Python code to create random kinetic mechanisms

This software can create random kinetic mechanisms and then derive the differential rate laws from them. It is useful for practicing writing systems of differential rate laws.

text/x-python RandomMech.py — 4.9 KB

File contents

from sympy import var
from random import random
from KinMech import *

def randomrxn(reagentlist, maxreactantstoich,
              maxproductstoich):  # generates a random reaction from reagentlist, where the order of the reaction
    # is controlled by maxreactantstoich and maxproductstoich.
    rxn = []
    reagent = []
    phaselist = ['l', 's', 'g', 'aq']
    puritylist = ['solution', 'solvent', 'pure']
    maxnumberofreactants = min(int(round(1 + (maxreactantstoich - 1) * random())), (len(reagentlist) - 1))
    totalstoich = 0
    # print ('maxnumberofreactants: '+str(maxnumberofreactants))
    for i in range(0, (maxnumberofreactants)):
        stoich = int(round(1 + (maxreactantstoich - 1) * random()))  # 1..maxreactantstoich
        # print ('reactants: '+str(i)+', stoich: '+str(stoich))
        if (maxreactantstoich - stoich - totalstoich) < 0:
            stoich = max(0, (maxreactantstoich - totalstoich))
        if stoich > 0:
            phase = phaselist[int(round((len(phaselist) - 1) * random()))]
            purity = puritylist[int(round((len(puritylist) - 1) * random()))]
            if phase == 'aq':
                purity = 'solution'
            if phase == 's':
                purity = 'pure'
            reagent = [stoich, reagentlist[i], 'reactant', phase, purity]
            totalstoich = totalstoich + stoich
            productlist = []
            for j in range(0, (len(reagentlist))):
                productlist.append(reagentlist[j])
            # print i
            for j in range(0, (i + 1)):
                if j <= i:
                    del productlist[0]
                # print productlist
            rxn.append(reagent)
    # print ('reagentlist: '+str(reagentlist)+ ' productlist: '+str(productlist))
    totalstoich = 0
    maxnumberofproducts = min(int(round(1 + (maxproductstoich - 1) * random())), (len(productlist)))
    for i in range(0, (maxnumberofproducts)):
        stoich = int(1 + (maxproductstoich - 1) * random())  # 1..maxproductstoich
        if (maxproductstoich - stoich - totalstoich) < 0:
            stoich = max(0, (maxproductstoich - totalstoich))
        if stoich > 0:
            phase = phaselist[int(round((len(phaselist) - 1) * random()))]
            purity = puritylist[int(round((len(puritylist) - 1) * random()))]
            if phase == 'aq':
                purity = 'solution'
            if phase == 's':
                purity = 'pure'
            if purity == 'solvent':
                purity = 'solution'
            reagent = [stoich, productlist[i], 'product', phase, purity]
            totalstoich = totalstoich + stoich
            rxn.append(reagent)
    return (rxn)


def randommech(maxrxn,
               maxreagents):  # generates a random mechanism with at most maxrxn reversible reactions (2*maxrxn reactions).
    # the mechanism will have at most maxreagents different species in it.
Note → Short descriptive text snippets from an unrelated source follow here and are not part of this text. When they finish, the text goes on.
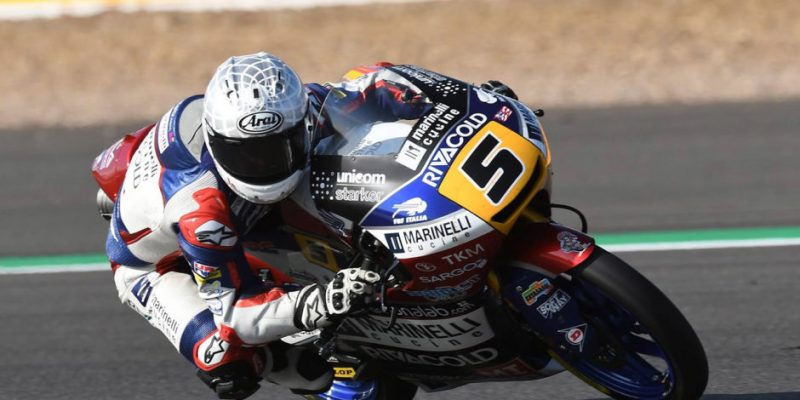 Fenati rodando en Silverstone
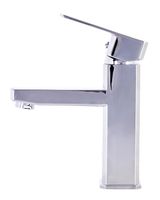 OneLife смеситель для раковины однорычажный полимерный, хром арт-P06-021cr — фото 3, Смесители для раковины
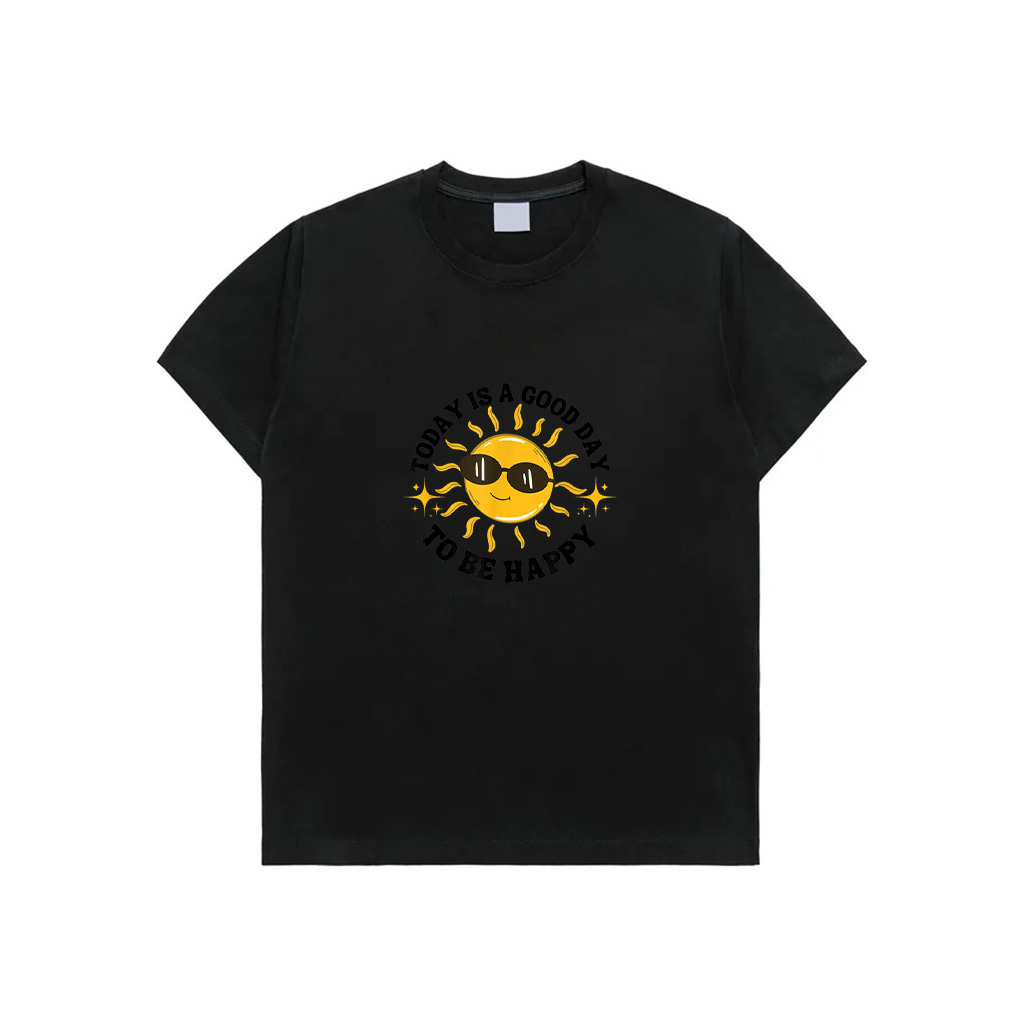 Today Is A Good Day To Be Happy Sun Smiling Face Women T-Shirt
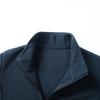 Spring and Autumn New Style Middle and Young Men's Stand Collar Jacket Casual Dad Top Polar Fleece Jacket
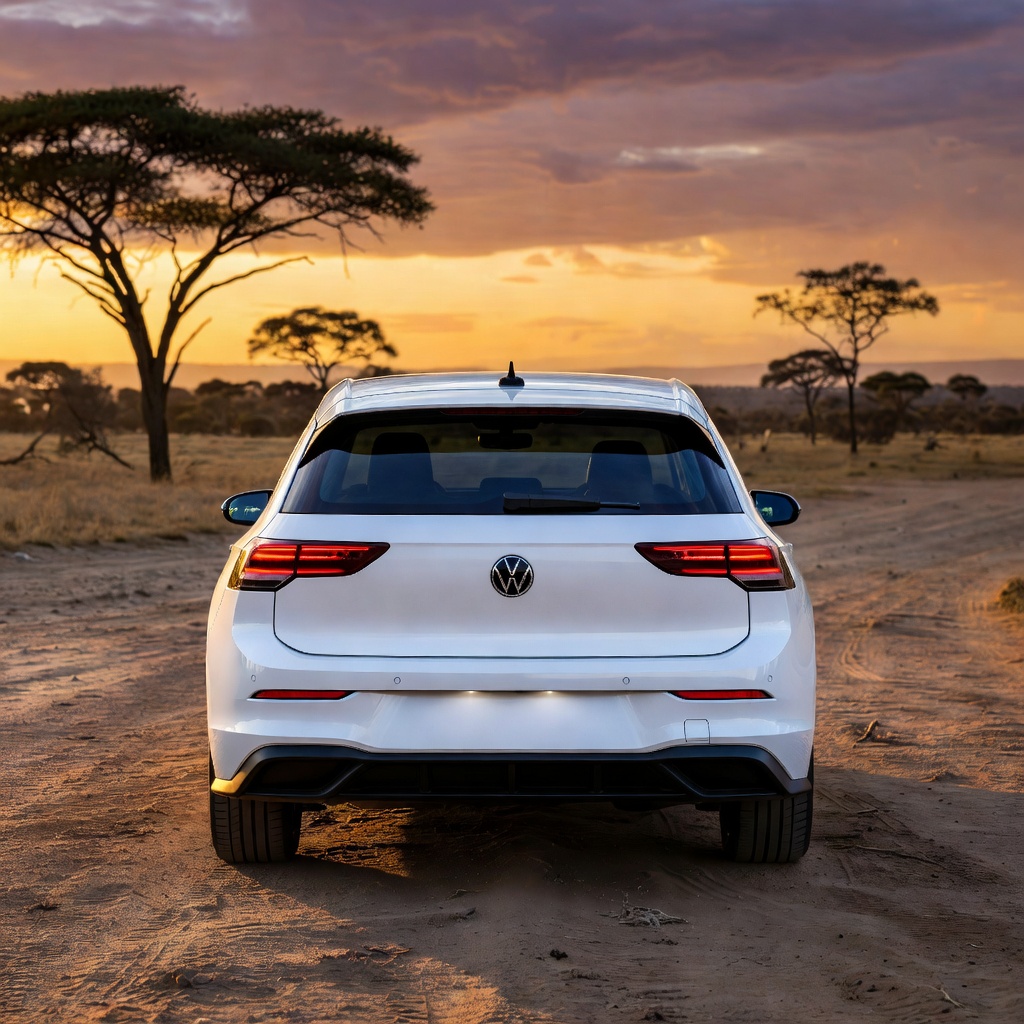 High-end generated showroom style vehicle image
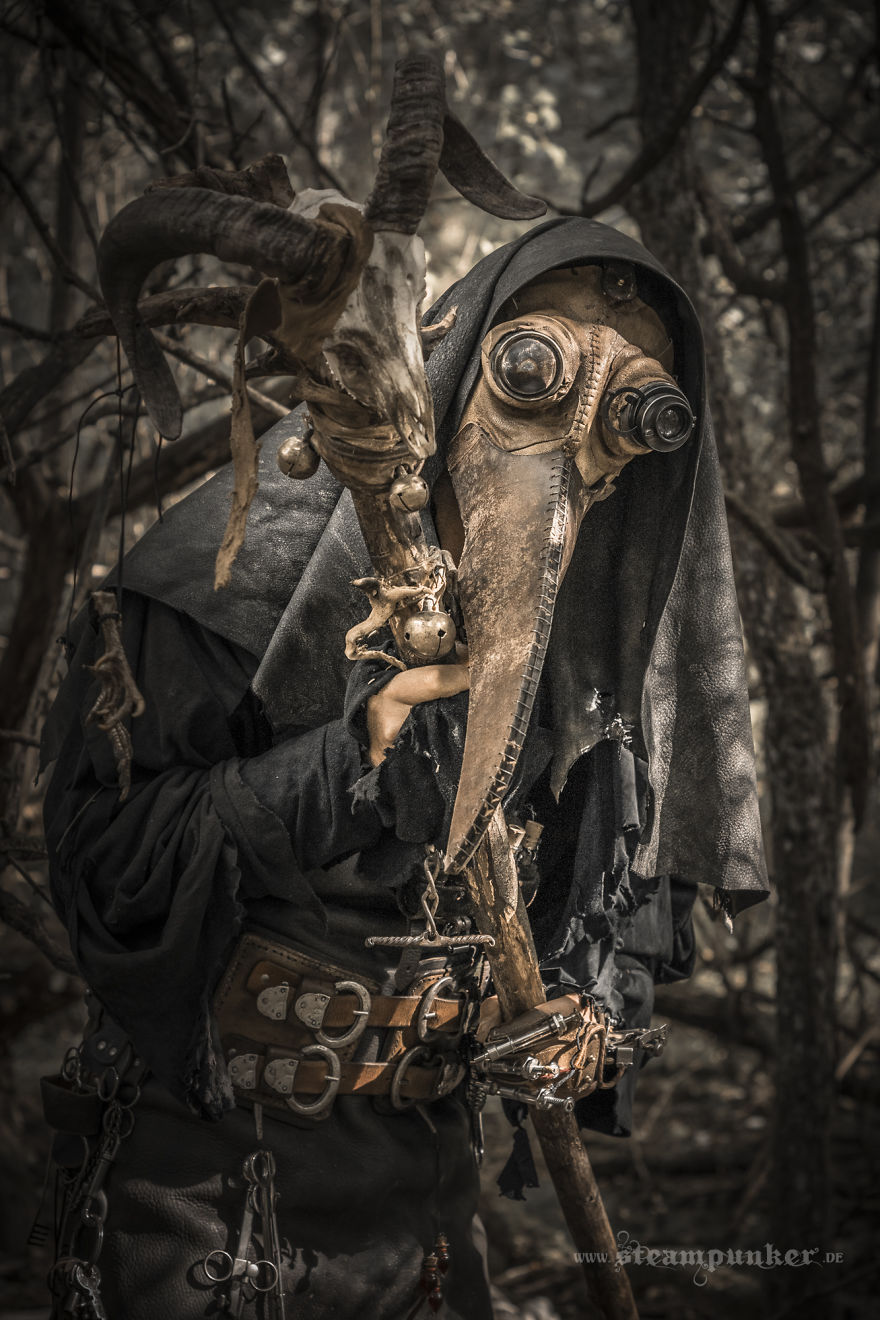 I Created A Plague Doctor Costume In Steampunk Style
Maxreagents > maxrxn.
    # This will occasionally generate mechanisms which are unreasonable, but not often.  Even the
    # unreasonable ones are good for practice with mechanisms.
    maxreagents = max(maxreagents, (maxrxn + 1))  # insisting that the number of reagents is high enough
    # print 'maxreagents: '+str(maxreagents)
    mech = []
    possiblereagents = 'ABCDEFGHJKLMNPRSTUVWXYZ'
    reagentslist = []
    rateconstantindex = 1
    for i in range(0, min((maxreagents), (len(possiblereagents)))):
        reagentslist.append(possiblereagents[i])
        # print 'reagentslist: '+str(reagentslist)
    for i in range(0, max(1, (maxrxn - 1))):
        rateconstantstr = 'k_' + str(rateconstantindex)
        rateconstant = var(rateconstantstr)
        rxn = randomrxn(reagentslist, 2, 2)
        # set everything to aqueous solutions
        for j in range(0, len(rxn)):
            rxn[j][3] = 'aq'
            rxn[j][4] = 'solution'
        appendrxntomech(mech, rxn, rateconstant)
        rateconstantindex = rateconstantindex + 1
        if (round(random()) == 1.0):  # reversible rxn, so add the reaction in reverse
            rateconstantstr = 'k_' + str(rateconstantindex)
            rateconstant = var(rateconstantstr)
            reverserxn = []
            for j in range(0, len(rxn)):
                reverseindex = len(rxn) - j - 1
                if (rxn[reverseindex][2] == 'product'):
                    reverserxn.append([rxn[reverseindex][0], rxn[reverseindex][1], 'reactant', rxn[reverseindex][3],
                                       rxn[reverseindex][4]])
                else:
                    reverserxn.append([rxn[reverseindex][0], rxn[reverseindex][1], 'product', rxn[reverseindex][3],
                                       rxn[reverseindex][4]])
            appendrxntomech(mech, reverserxn, rateconstant)
            rateconstantindex = rateconstantindex + 1
        # now readjust the reagentlist so that reactions will not be repeated.  The dumb way is to just remove
        # the first reagent in the list.
        del reagentslist[0]
    # print 'reagentslist: '+str(reagentslist)
    return (mech)